# WHAT YOU WILL DO
The listing below should be printed again word for word, without any images.

# SOURCE MATERIAL
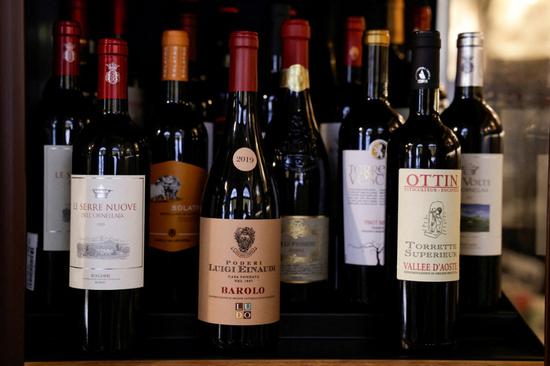 Drinks sector hoping to avoid big costs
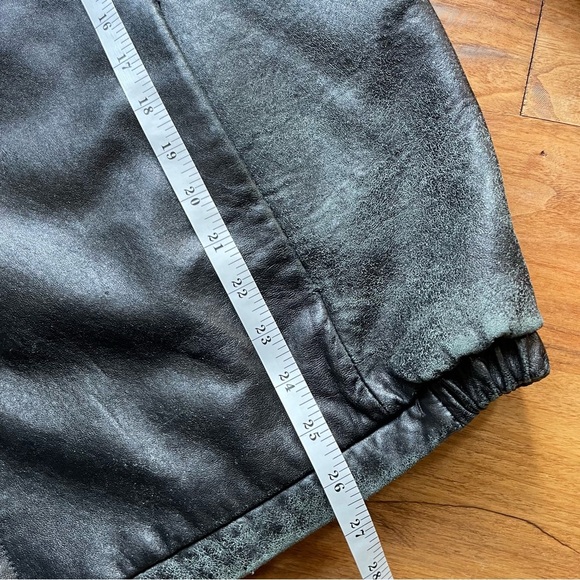 Vintage Wilsons Classic Distressed Black 100% Leather Bomber Jacket - Picture 14 of 16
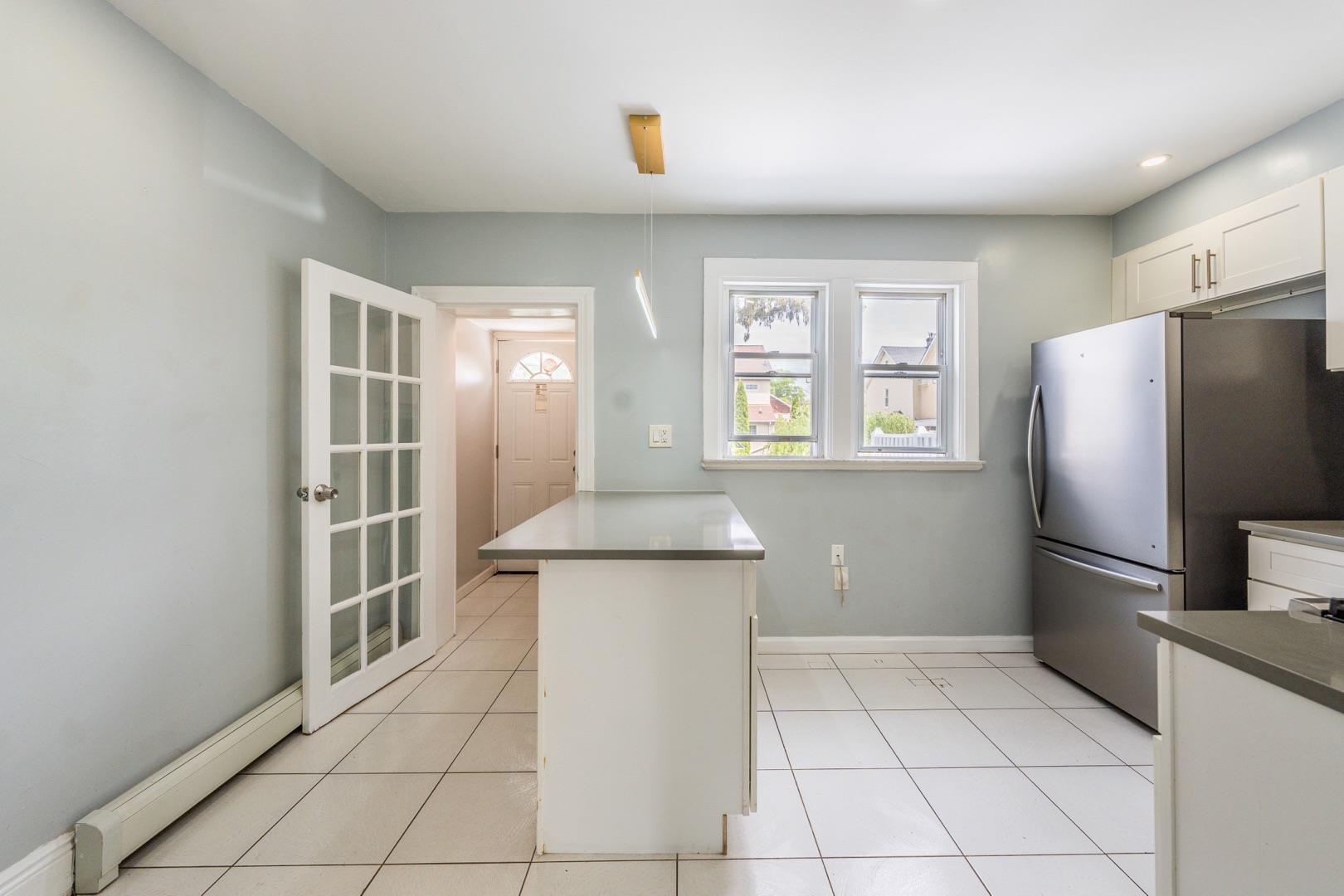 Single Family 18th  Queens, NY 11357, MLS-861154-7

# RESULT FOR THIS TASK
 Drinks sector hoping to avoid big costs
 Vintage Wilsons Classic Distressed Black 100% Leather Bomber Jacket - Picture 14 of 16
 Single Family 18th  Queens, NY 11357, MLS-861154-7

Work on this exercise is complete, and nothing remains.